Es gibt ja beim XVM auch die Möglichkeit sich die Reichweiten mit Kreisen auf der Minimap anzeogen zu lassen, man kann die Minimap ja auch vergrößern. Da sieht man dann ggf. Unterschiede, weiß allerdins nicht wie genau das ist.


----------



## DarkMo (30. März 2013)

*AW: Mod für die Anzeige der Panzer Eigenschafts-Veränderungen*

bringt in dem fall aber nix ^^


----------



## FkAh (31. März 2013)

*AW: Mod für die Anzeige der Panzer Eigenschafts-Veränderungen*

Oh stimmt, merk ich auch grade. Crew AUsbildung lohtn es sich ja vorehr zu wissen wei viel es bringt und nicht erst trainieren und dann wieder verlernen.

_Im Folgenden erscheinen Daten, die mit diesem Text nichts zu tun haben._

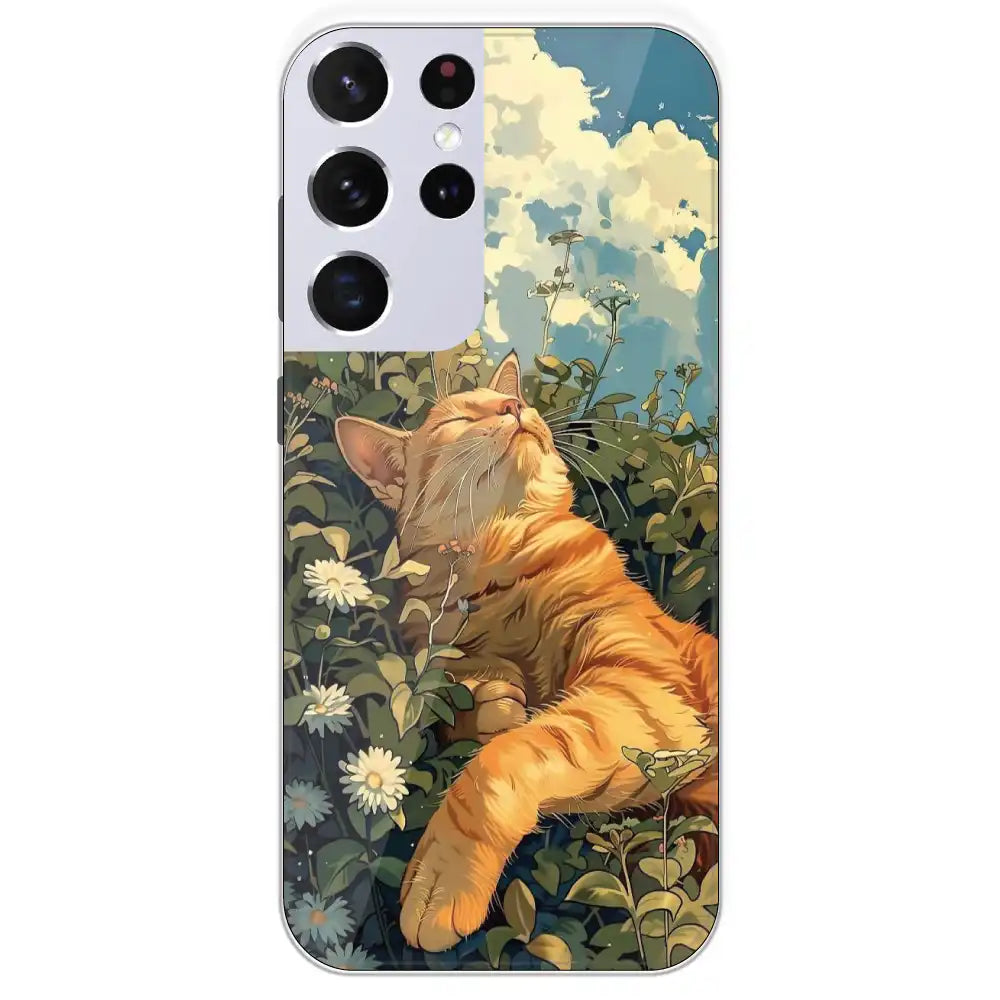 Garfield Sleeping - Printed Silicone Case For Samsung Galaxy S21 Ultra
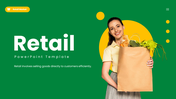 The best retail presentation template showing shopper with bag, product icons, green theme, and retail strategy slides.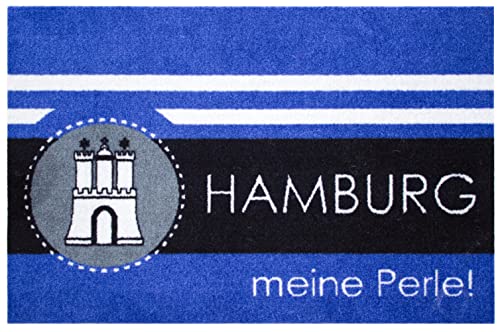 orientbazar24 Hamburger Wappen Matte 60 x 40 cm Blau Meine Perle von orientbazar24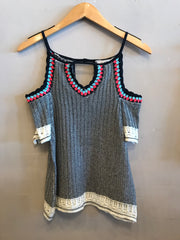 THML Crochet Trim IMAGINATION Cold Shoulder Knit Top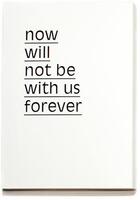 Couverture du livre « Now will not be with us forever » de Es Maurice Van aux éditions Rvb Books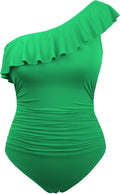 Hilor Women's One Shoulder One Piece Swimsuits for Tummy Control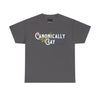 NerdyKeppie "Canonically Gay" Cotton Rainbow Gay Pride Tee Shirt. A unisex cotton tee shirt with a "Canonically Gay" design on it in rainbow pride colors. This gay pride tee shirt has a classic fit.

Müsste man doch aber manuell ausrechnen können?


----------



## Seeefe (31. März 2013)

*AW: Mod für die Anzeige der Panzer Eigenschafts-Veränderungen*



Research schrieb:


> U.A um zu sehen wann ich die noch brauche?
> Um, z.B andere Module kaufen zu können?


 
Das Sichtsystem ist eh fürn ****  Von daher ob man 450m gucken kann oder 550m


----------



## Research (31. März 2013)

*AW: Mod für die Anzeige der Panzer Eigenschafts-Veränderungen*

Allgemein sind die Boni eher, "üppig". Egal ob Ausrüstung oder Skills.


----------



## Homerclon (1. April 2013)

*AW: Mod für die Anzeige der Panzer Eigenschafts-Veränderungen*



Seeefe schrieb:


> Wofür?  Weiter als 550m kannst du eh nicht gucken


 Meinst du jetzt Aufklären, oder tatsächlich Sehen?
Letzteres geht bis ~730m (für genaues müsste ich nochmal nachschlagen/-rechnen), Voraussetzung ist, man in den diagonal-gegenüberliegenden Ecken eines 500m²-Vierecks steht.
Und effektiv Aufklären nur bis 500m.


----------



## DarkMo (2. April 2013)

*AW: Mod für die Anzeige der Panzer Eigenschafts-Veränderungen*

ich hab mal gehört, dass sichtweiten-erhöhung über 500m hinaus auch noch sinnvoll sein kann. jetz einfach mal paar zahlen ausm kopf geholt: 500m sichtweite und offene pleene - der gegner mit 0 camo wird bei 500m noch gespottet. is er im busch, sinds nur noch 500*irgendwelche prozente also *aus den fingern saug* 450m. mit 550m sichtweite könnte man den kerl aber auch erst (also wieder offen und keine camo) ab 500 spotten, da das system nich mehr hergibt -> der grund, weshalb viele sagen "sinnfrei also". gehen wir jetz aber wieder vom busch aus und dem selben prozentsatz (*rechne* 500*x=450 -> x=450/500 -> x=0.9), dann sind wir bei 550*0.9=495m *tadaa* also trotz busch dennoch fast 500m spotting range, da halt das endergebnis auf 500 geclamped wird und nicht die zwischenergebnisse.


----------



## freakfish (2. April 2013)

*AW: Mod für die Anzeige der Panzer Eigenschafts-Veränderungen*

Ja, gehört hat das glaube ich schon jeder... müsste man einfach mal testen, bestätigt ist das halt nirgends offiziell von WG.
Könnte man auch mal einfach ein bisschen herumprobieren bei Gelegenheit in Testrunden, habe da eigentlich gut geeignete Panzer mit Sichtfähigkeiten für, mit Optiken u Fernglas usw


----------



## Homerclon (2. April 2013)

*AW: Mod für die Anzeige der Panzer Eigenschafts-Veränderungen*

Daher hab ich das Wörtchen "effektiv" dazu geschrieben.
Das hab ich nämlich auch schon gelesen.


----------